You know what really grinds my gears? Television. Let’s be honest; even if you like shows on television, the Writers Guild of America strike is putting most of them on hiatus. For example, Saturday Night Live is on re-runs. This is annoying, because now I can’t spend 40 minutes of watching crappy sketches on the show just to get to the most recent Digital Short! And the supreme act of masochism that is watching Steve Carell’s performance on “The Office” no longer exists, and now I’ve had to resort to swallowing glass and sugar in order to receive the same amount of pleasure and pain.

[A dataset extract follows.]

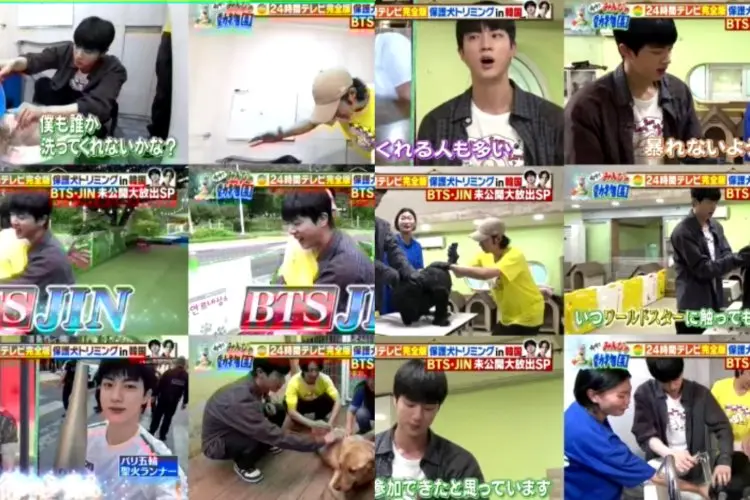 Jin BTS Sibuk jadi Relawan Penyelamat Anjing Meski Memiliki Alergi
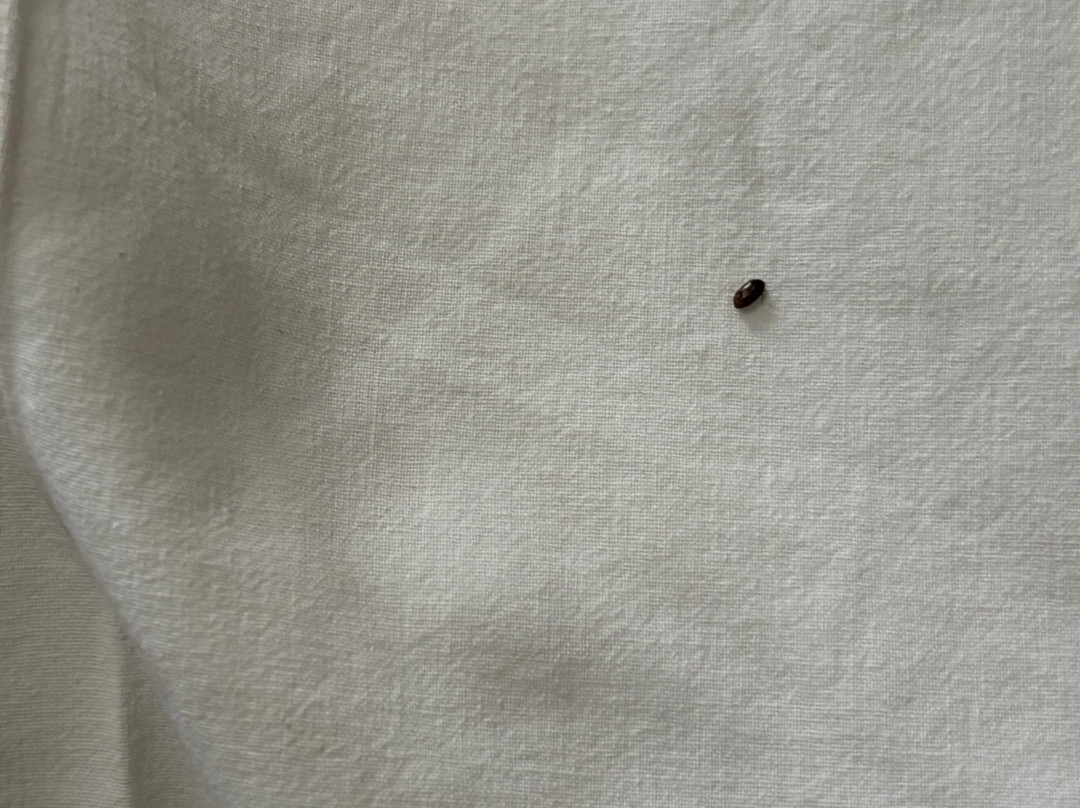 Mavi Tuana Hotel主图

For those of you who are too thick to understand what the Writers Guild’s strike entails, let me explain. Webster’s Dictionary defines a strike as “the penalty a batter receives for not hitting a ball that is within the designated strike zone created by the batter’s stance.” Naturally the strike couldn’t have come at a more convenient time for the soulless television network corporations, since most shows are put on hiatus anyway for the various holiday movie marathons.
Holiday Movie Marathon season starts around Halloween, where some of the cable networks show 230,591,235-hour marathons of crappy made-for-TV movies like “My Boyfriend Was A Werewolf” on ABC Family, “My Boyfriend Was A Werewolf: The Musical” on The Disney Channel, and “My Boyfriend Assaulted, Raped, and Sold My Daughter to Cambodian Slave Traders” on The Lifetime Network.
I have multiple complaints against the fear-mongering of The Lifetime Network. The first has regards to them showing re-runs of The Golden Girls, Mad About You, and Will & Grace instead of letting these shows rest in peace. You know those stories about ghosts that can’t enter the afterlife because the old mill they died in is still making Betty Crocker cake mix or some crap like that, so the ghost is stuck on earth with “unfinished business”? I assume that’s what those shows would feel like if they were sentient and had the capability of emotion.
The second complaint regards their made-for-TV movies with titles like “My Daughter Became Pregnant And The Baby Exploded In Her Belly Because That’s What Happens When You Get Pregnant Before You Get Married You Irresponsible Wench For Not Watching Over Your Daughter More Carefully To Prevent Her From Getting Pregnant Ugh You Make Me Sick Just Looking At You Stop Crying It Hurts My Ears.”
These films hook aging housewives to watch them while they’re stuck at home polishing their husband’s shoes and instill unrealistic conclusions to unlikely situations. And it’s not just the plot that upsets me, it’s the fact that the women are generally incredibly helpless to the evil, oppressive man-machine that surrounds them. These films cultivate an environment of meekness, and as a part of the oppressive man-machine, I will not accept weakness in my house, nor unpolished shoes. Girl, get back to work!
Or maybe my main complaint against The Lifetime Network is that a couple of my (female) housemates are inclined to watch it when I’d much rather be watching Mythbusters.
Following the Halloween marathon, you then get the Thanksgiving marathon, to which my brother spent the majority of Thanksgiving morning and afternoon watching holiday-themed Fresh Prince of Bel Air re-runs. Don’t get me wrong, I do enjoy me some Fresh Prince. Just watch me do my perfected Carlton dance. It’s glorious in its mediocrity.
But really, just about any sitcom that centers its plot around holiday celebrations is terrible, because they try to teach us lessons, rather than offering up doses of mindless slapstick. I’m in college, I stopped learning lessons in seventh grade. These days, I simply rationalize my mistakes in order to blame others or the laws of physics for my actions. Does this make me a coward? Yes, but I’m just trying to survive, and since all living organisms since the beginning of life are built on a framework of “survival of the fittest,” my cowardice is a finely-tuned evolutionary development. Just ask any member of my family what our family motto is: “Cowards Live To Tell.”
So now that Thanksgiving is past, I anxiously await the Christmas movie marathon, with “Frosty The Generally Amiable Snowman” on ABC Family, “Christmas Elf High School Musical” on The Disney Channel, and “My Daughter Was Abducted and Violated By A Man Dressed As A Snowman Who Happened To Be My Second Husband Who I Married Even Though I Saw He Had Abusive Tendencies But The Sex Was Good So I Married Him Anyway You’d Think A Defense Attorney Wouldn’t Be Such A Pushover Like Myself But I Sure Proved You Wrong My Haircut Looks Like It Was Stolen From The ’80s” on The Lifetime Channel.